Nomura Holdings Inc., Japan’s largest brokerage, cut its recommendation on Japanese shares to “neutral,” citing a weaker profit outlook and slower economic- growth prospects.
“The recovery in Japanese earnings is already beginning to lose momentum,” Nomura analysts including Ian Scott wrote in an e-mailed report dated July 23. The brokerage also today downgraded its forecast for growth in the country as a strengthening yen threatens the export-fueled rebound.
The Nikkei 225 Stock Average has slid 14 percent this fiscal year on concern the European debt crisis will reduce earnings for exporters in the world’s second-largest economy. Nomura said gains in corporate profits have not matched the speed at which they tumbled in the global recession, and recommends higher allocations than before in emerging markets and Europe excluding the U.K.

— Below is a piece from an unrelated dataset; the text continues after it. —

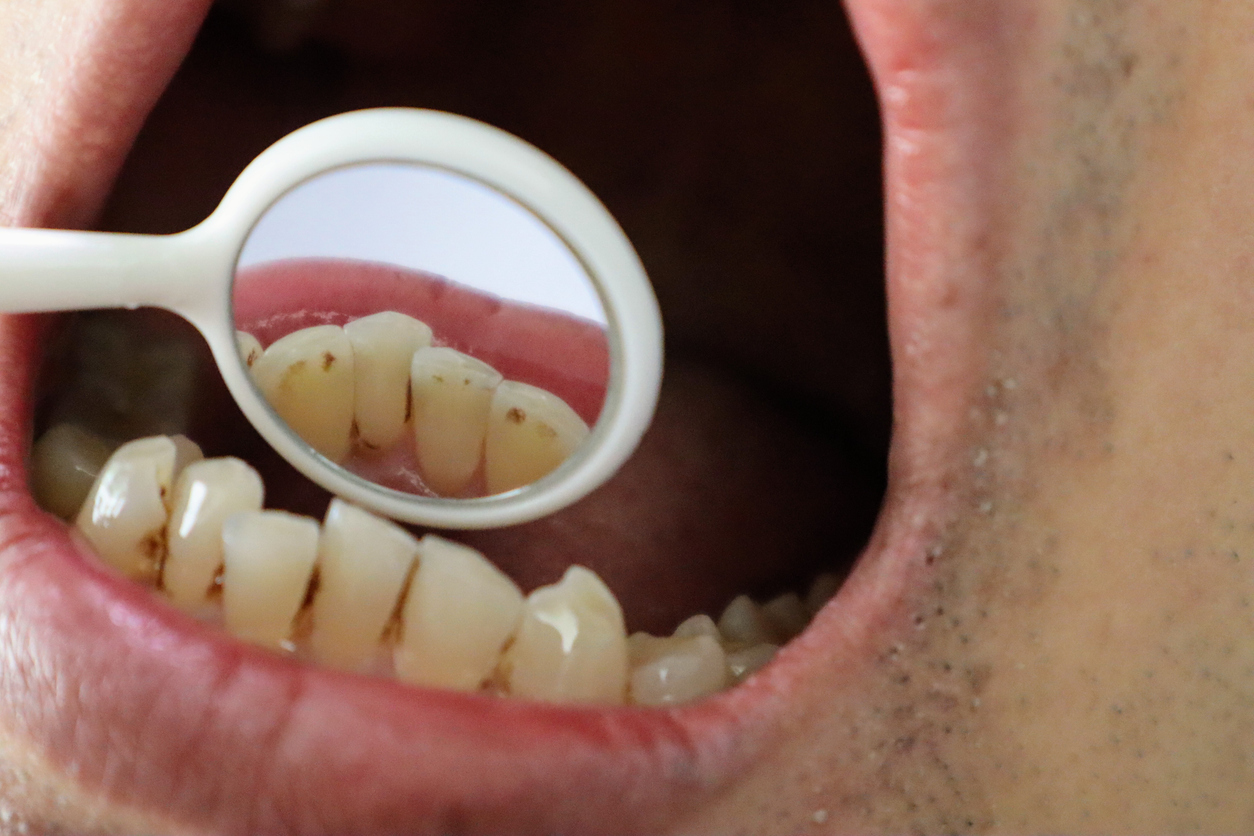 person examining teeth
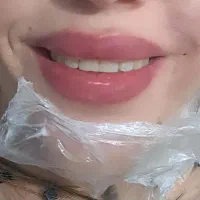 تزریق ژل+بوتاکس|خدمات آرایشگری و زیبایی|اهواز, پردیس دو|دیوار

Japan’s economy will expand 2.6 percent this fiscal year and 1.5 percent in the year ending March 2012, revised down from previous forecasts of 2.7 percent and 2.1 percent growth, according to Nomura. Slower growth abroad and a stronger currency will damp the recovery in exports, and may prompt the Bank of Japan to ease policy further to support the economy, the report said.
The central bank may resort to “more extreme measures” such as increasing its purchases of public debt as the government steps up its calls for additional easing, Nomura said.